The Jews, seeing their holiest vessels in mocking display, maintained their composure and watched the horrid spectacle. They continued to participate in the event, hardly fazed, when just decades earlier, their fathers, the exiled Jews of Babylon, sat by the rivers and wept over the loss of Zion and the treasured Temple, which was destroyed by the Babylonian Nebuchadnezar. With the passage of time, much was forgotten. The years seemingly dulled their fervor.



But Mordechai would not be silenced by his critics. Nine years later, the masses of Shushan bowed to the rising star, the powerful, wealthy, diabolically evil minister, Haman, who wore an idol around his neck. Mordechai's refusal to follow suit enraged Haman, as well as Mordechai's Jewish brethren. Once again, Mordechai's brethren were agitated by the stand he took, which they perceived as threatening to their status within Persia. His refusal to bow could incur the wrath of their 'friends'. In their minds, he was recklessly endangering the Jews. Mordechai, who understood that Haman had planned their destruction from the start of his rise to power, also understood that such commands were tearing at the fiber of the Jews.

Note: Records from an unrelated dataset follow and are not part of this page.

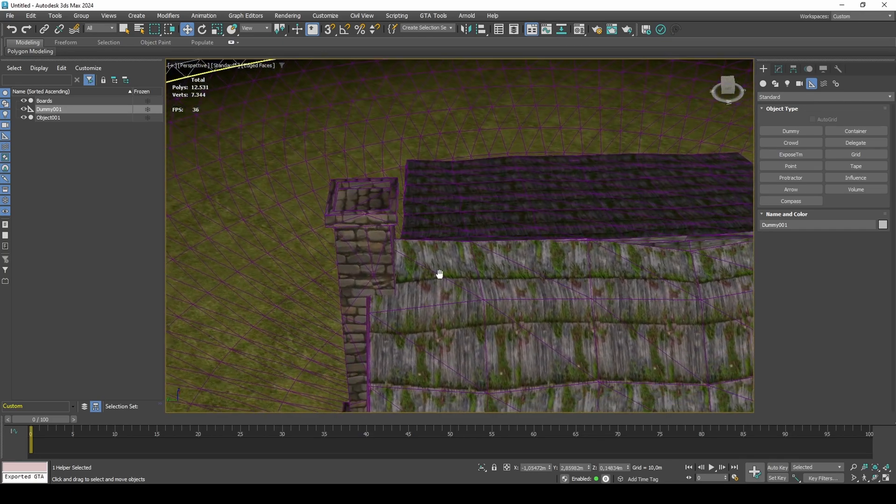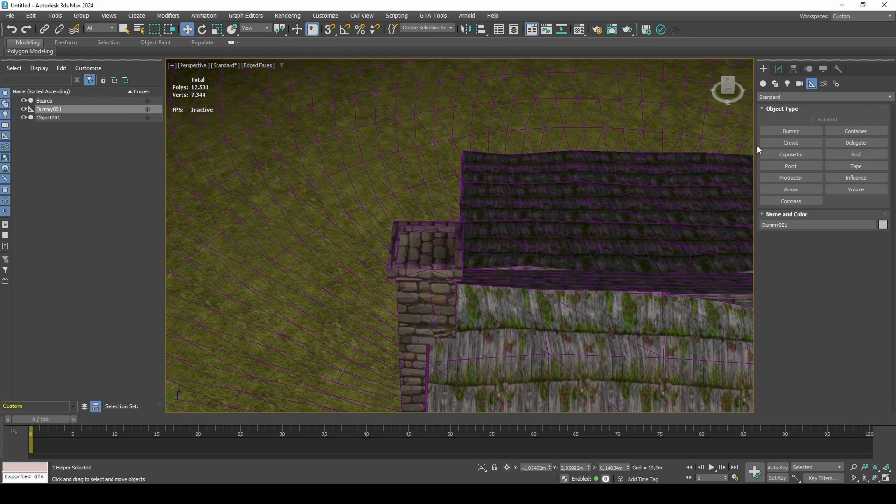For the chimney, create a dummy above the chimney and a bit away from the chimney as the smoke effect is offset a bit.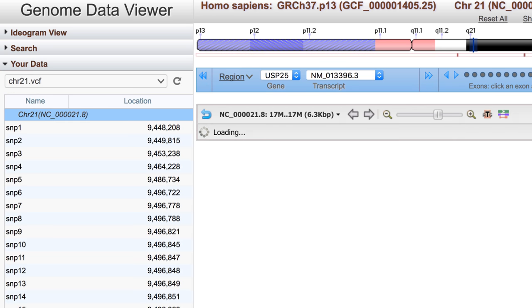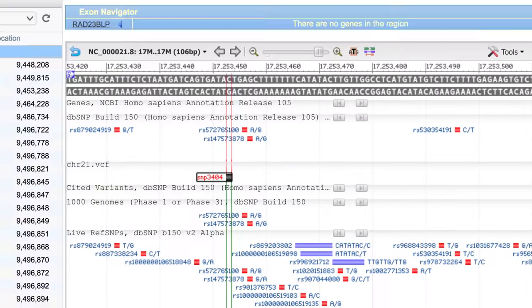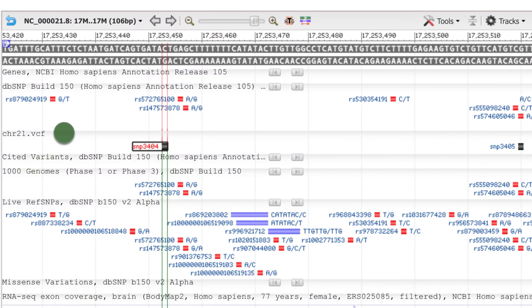Your new track appears in the sequence viewer, allowing you to compare it with the wealth of NCBI tracks.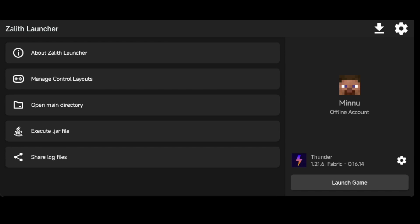Hey everyone, in this video I'll show you how to run the Distance Horizons mod on Zalith Launcher. The process is the same for Mojo or any other launchers.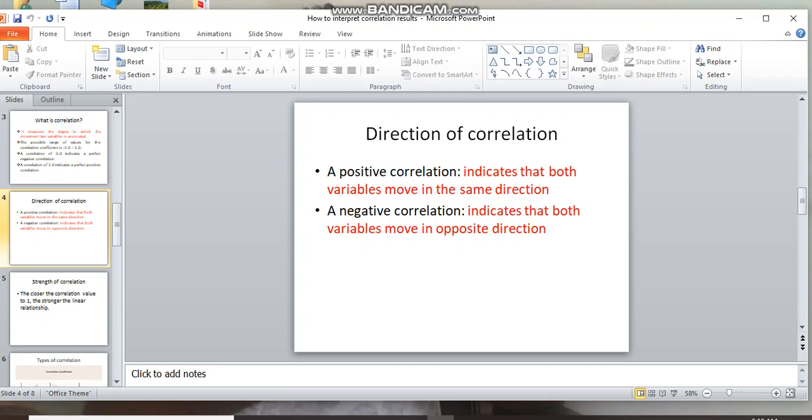Positive correlation: if you have a correlation result of 0.1, 0.2, 0.3, 0.4, 0.5, or any positive value, it indicates that both variables move in the same direction.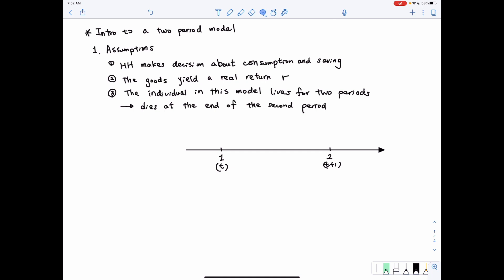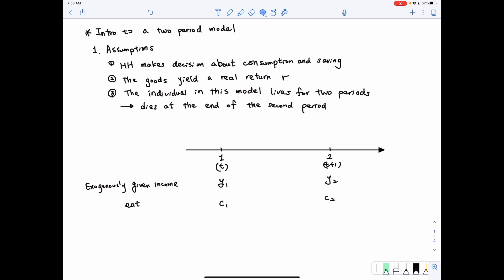The timeline for this model has two periods: period 1 and period 2, which we can also write as t and t plus 1. The household is exogenously given income: the income in the first period is y1, and for the second period it is y2 — you can also write these as yt and yt plus 1. The household chooses how much to consume each period: c1 in the first period and c2 in the second period.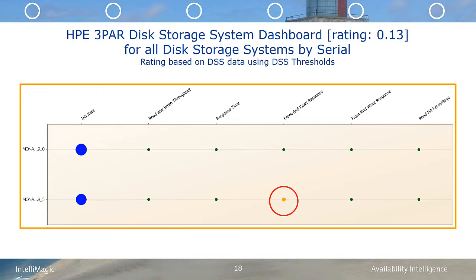Blue dots represent the relative busyness. Green dots are areas of low availability risk, and yellow represents some availability risk. Red, if there was some, indicates significant risk to the performance of the environment. Thresholds are determined based on various modeling techniques to provide a sensible starting point based on the storage configuration and the workloads.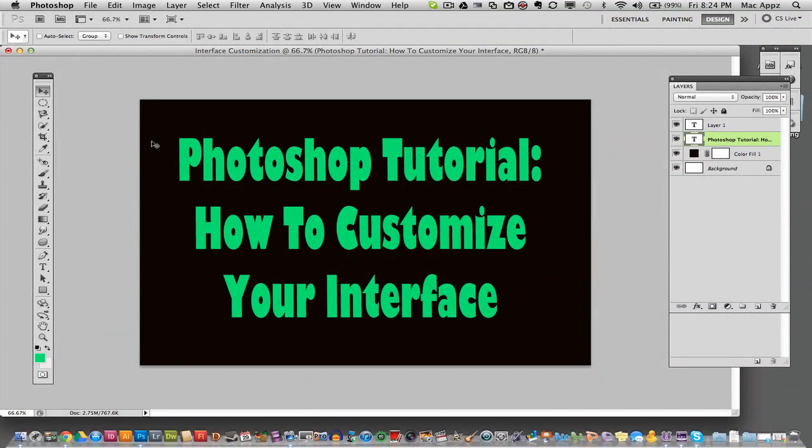Hey guys, welcome back again to another TechGuru video. We're in Adobe Photoshop today and I'm going to give you a brief tutorial on how to customize your Photoshop interface. And what I mean by your interface is this that you see here, your workspace,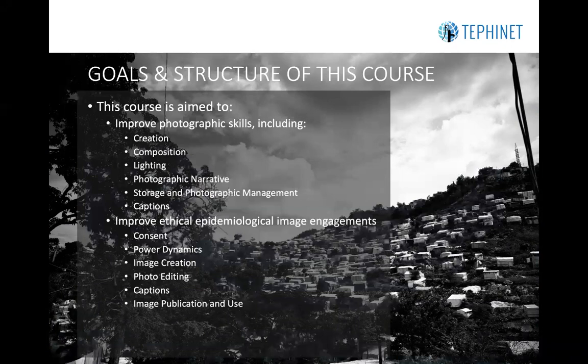Further, this course aims to improve ethical epidemiological image engagements through issues such as consent, understanding power dynamics in the creation and use of the photograph, understanding ethics in the image creation process, also in editing photographs, in writing captions, and in using the images in publications and other uses.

Mordechai is referred to throughout the Scroll of Esther as "Mordechai the Jew". The term, "Jew" there implies that Mordechai ardently repudiated idolatry. (Megilla 13A) "Mordechai the Jew" stood apart as a zealot and took an uncompromising stand; one which sent a message to his fellow Jews. While initially his actions were not well received, eventually, his message resonated. When Haman's edict against the Jews was published, the Jews heeded the decree by Esther and Mordechai to fast and repent. They had also realized that they should have listened to Mordechai nine years earlier.

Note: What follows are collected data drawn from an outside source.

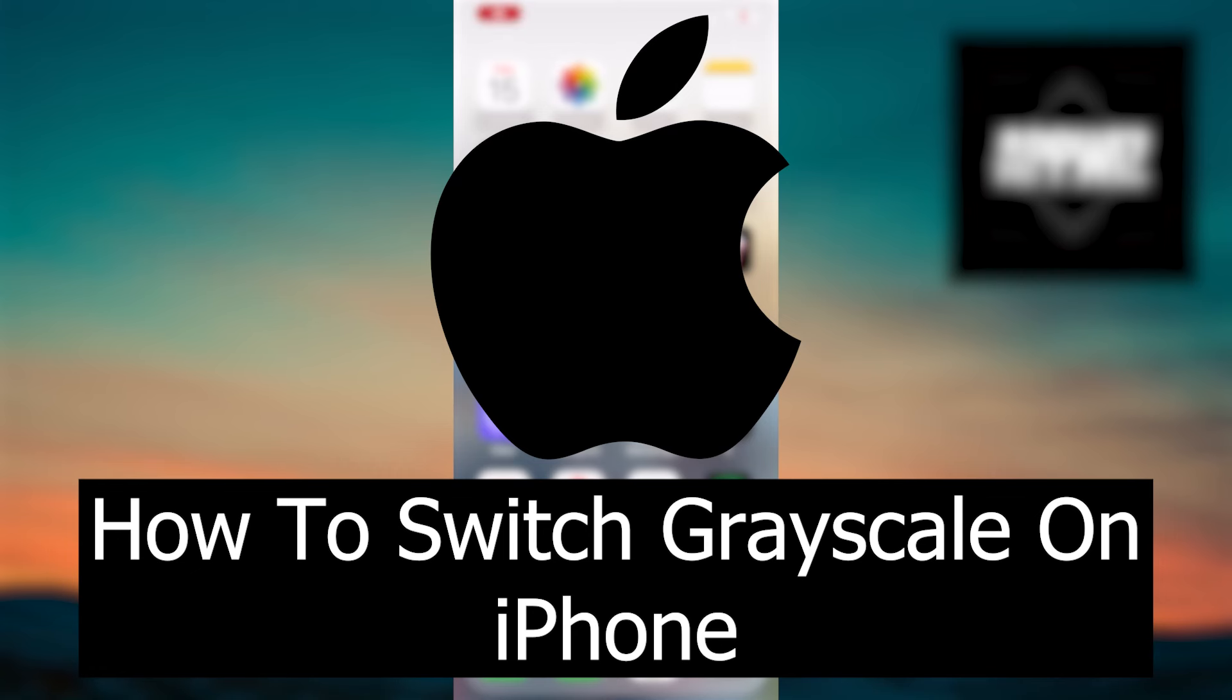Welcome. The grayscale mode represents a useful option that transforms colored screens into a monochromatic display, often used to reduce eye fatigue or limit device usage in specific situations.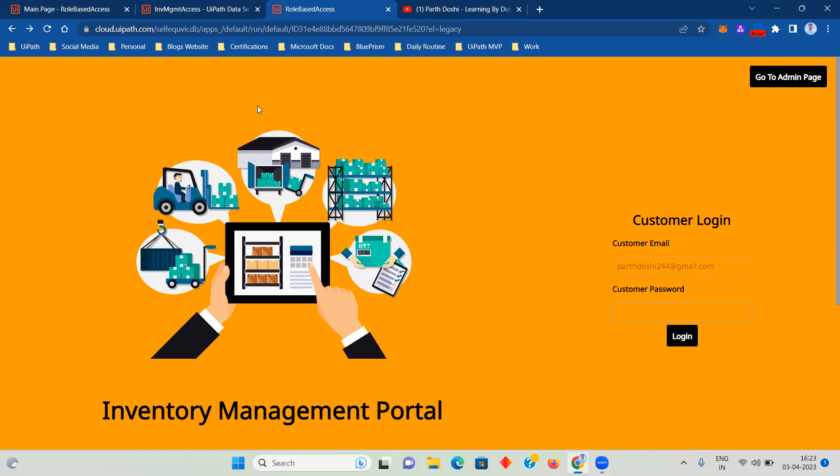As you can see on my screen right now, I have created an inventory management portal. Here there are the username and password being asked, that is customer login. Now let's suppose I am an admin and I want to go to an admin page.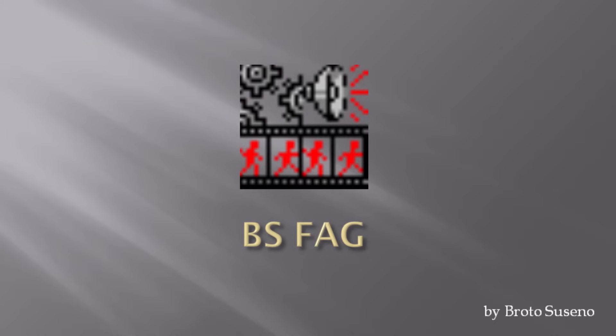Hi, my name is Broto Susano. In this video, I want to talk about one of my application named BSFAG.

Mordechai may have (initially) stood alone in his generation, but he certainly is not alone in the annals of Jewish history.



In Egypt, Bitya, the Pharaoh's daughter, rejected the idolatry of her father's palace. At great risk, she immersed herself as an act of purification and conversion to Judaism in the waters of the Nile - the very river worshipped by the Egyptians.



Bitya eventually gave birth to Caleb - also a rebel - who, as one of the spies sent to the Land of Israel, withstood the enormous pressure of ten of the other spies and, at great risk, spoke out in support of the conquest of the Land of Israel. In the Torah, Caleb is referred to by G-d as "My servant". (Numbers 14:24)



In Babylon, just following the destruction of the first Temple, three Jewish servants of the King, Chanania, Mishael and Azaria, refused to pay homage to the king by bowing before a golden statue that represented the Babylonian empire. Even though that act, according to Talmudic and Medieval rabbinic opinions, was not considered idolatrous, they zealously repudiated any act that even resembled idolatry and put their lives at great risk.



These individuals all had a profound impact upon the history of the Jews.



Purim is a reminder to follow the ways of Mordechai. To resist the trends and embrace the G-d-given traditions that comprise being a Jew.